** Work instruction **
An exact, picture-free copy of the listing is required.

** Provided data **

========

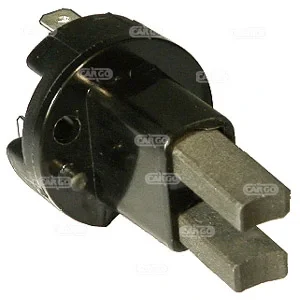 Щіткотримач генератора CARGO F032139623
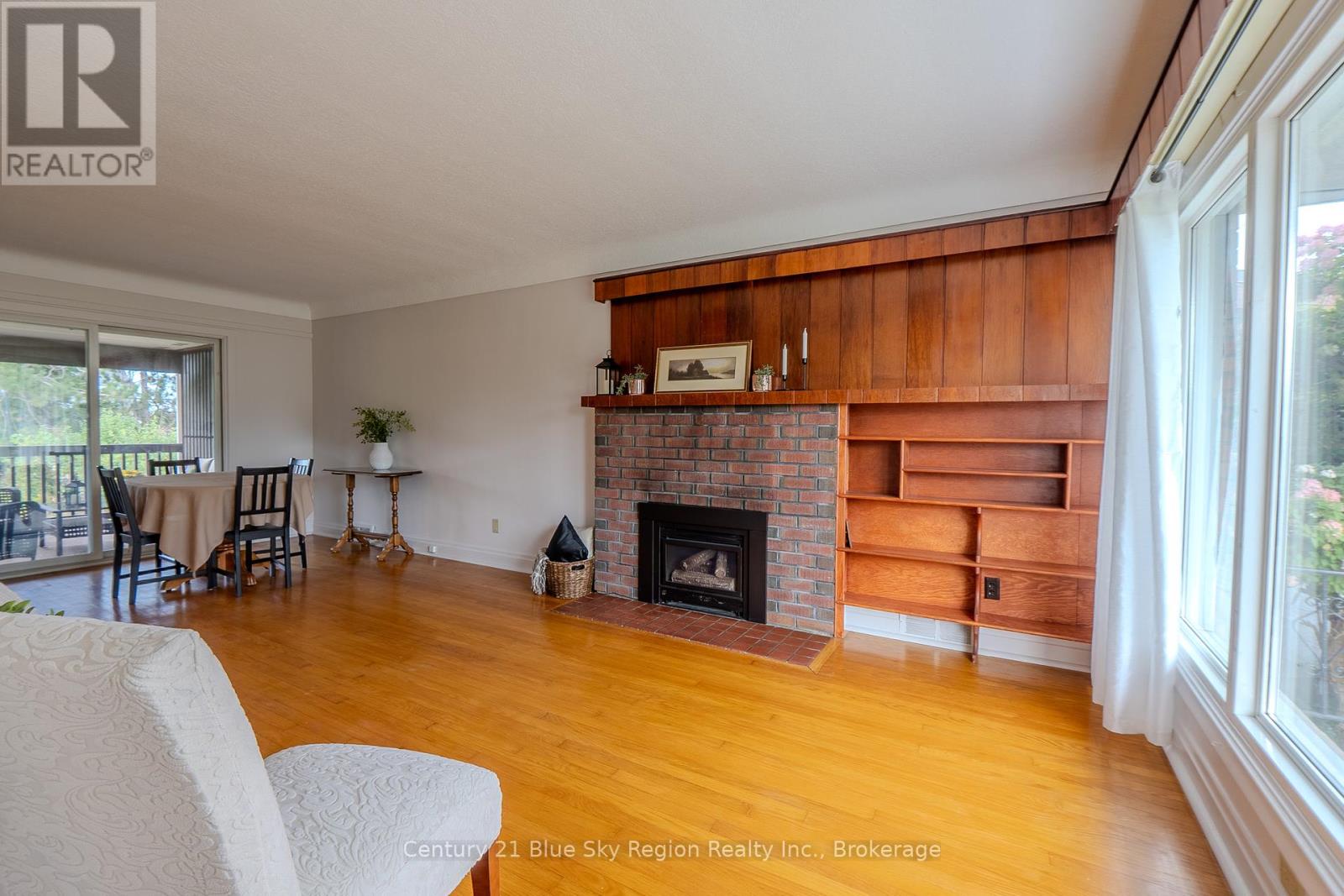 1355 Jane Street, North Bay, Ontario  P1B 3J5 - Photo 26 - X12462957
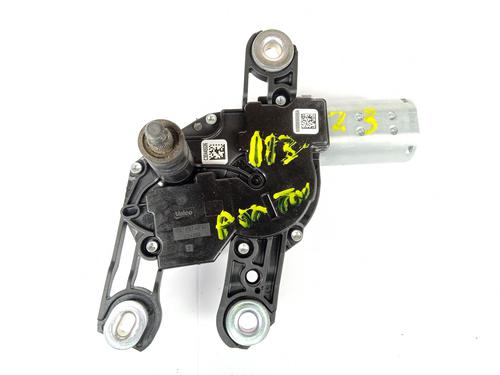 Ruitenwissermotor achter SEAT ARONA (KJ7, KJP) [2017-2025]  12071606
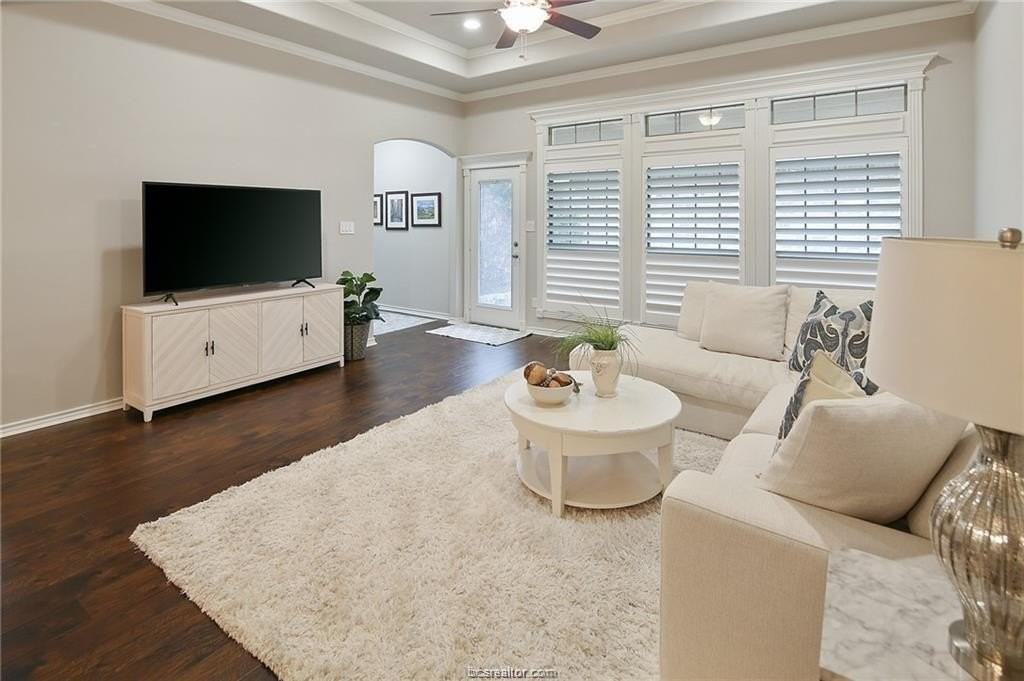 200 Karten Ln - Photo 2 of 31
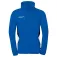 Uhlsport Equipe 29 Multi jacket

========

** Answer section **
 Щіткотримач генератора CARGO F032139623
 1355 Jane Street, North Bay, Ontario  P1B 3J5 - Photo 26 - X12462957
 Ruitenwissermotor achter SEAT ARONA (KJ7, KJP) [2017-2025]  12071606
 200 Karten Ln - Photo 2 of 31
 Uhlsport Equipe 29 Multi jacket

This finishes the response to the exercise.